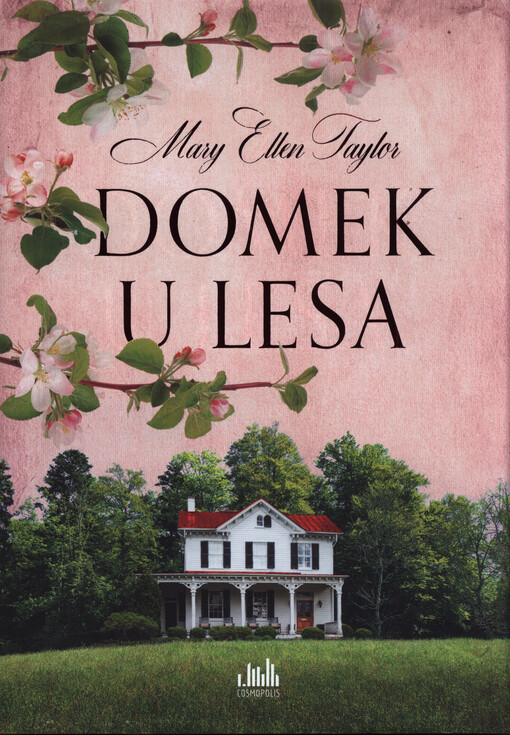 Domek u lesa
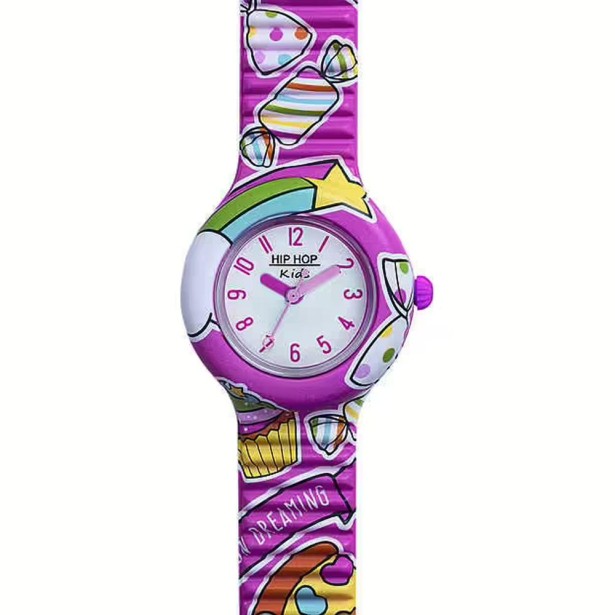 Orologio HIPHOP HWU0993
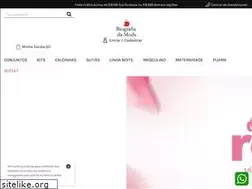 Sites similar to biografiadamodalingerie.com.br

◆ **DIRECTIONS**: All of the material goes into the answer exactly as it stands, except for the pictures.

◆ **ANSWER SPACE**:
 Domek u lesa
 Orologio HIPHOP HWU0993
 Sites similar to biografiadamodalingerie.com.br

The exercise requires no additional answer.